::: Records for the task
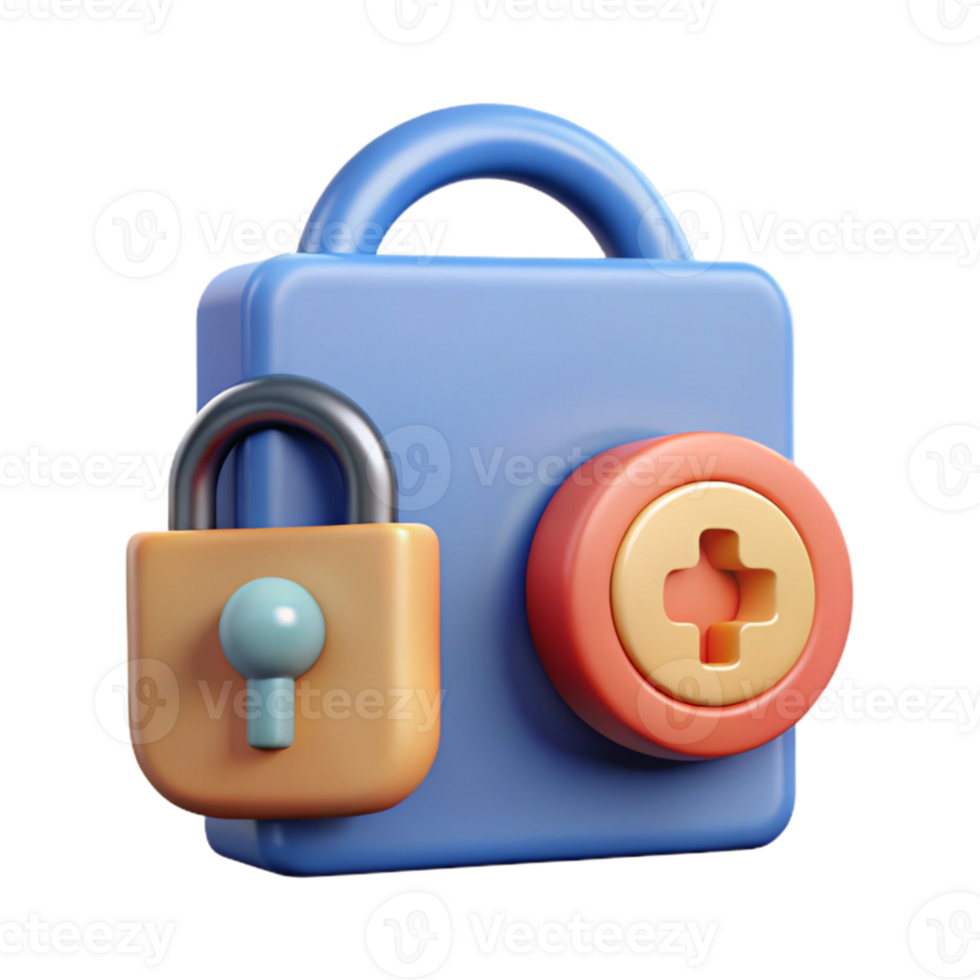 elegant abstract Medical Data Encryption Icon Cutout high quality png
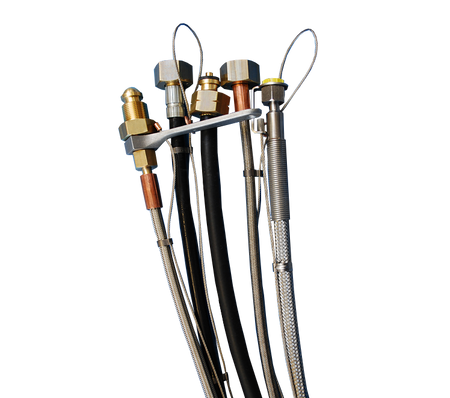Batterijslang "Mison" 75cm RVS/PTFE compl. 3/4"r x 1"W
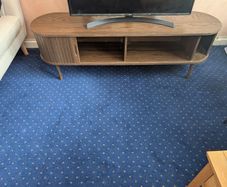 JYSK TV bench LYNGVIG 160cm 2 tambour doors dark oak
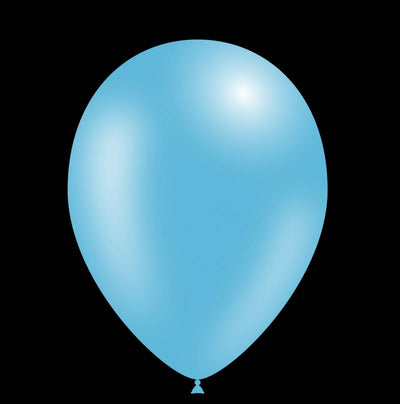 Hellblaue Luftballons - Metallic - 26cm (25 Stück)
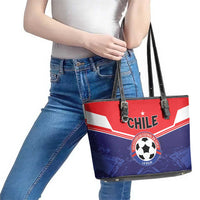 Football Chile Leather Tote Bag Vamos La Roja - Wonder Print Shop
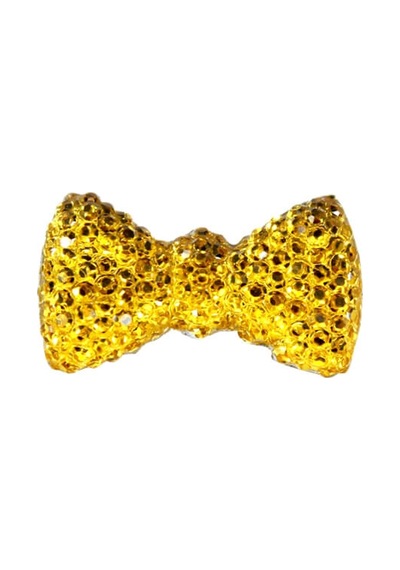 Polyester Papyon Fiyonk, 2,0 X 1,0 Cm - 25 Adet - Altın 1+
::::::
Exercise requirements =
Restate word for word the lines from the line with "Hellblaue Luftballons - Metallic" to the last line of the records above, inclusive, and omit every picture.

Solution for this task =
 Hellblaue Luftballons - Metallic - 26cm (25 Stück)
 Football Chile Leather Tote Bag Vamos La Roja - Wonder Print Shop
 Polyester Papyon Fiyonk, 2,0 X 1,0 Cm - 25 Adet - Altın 1+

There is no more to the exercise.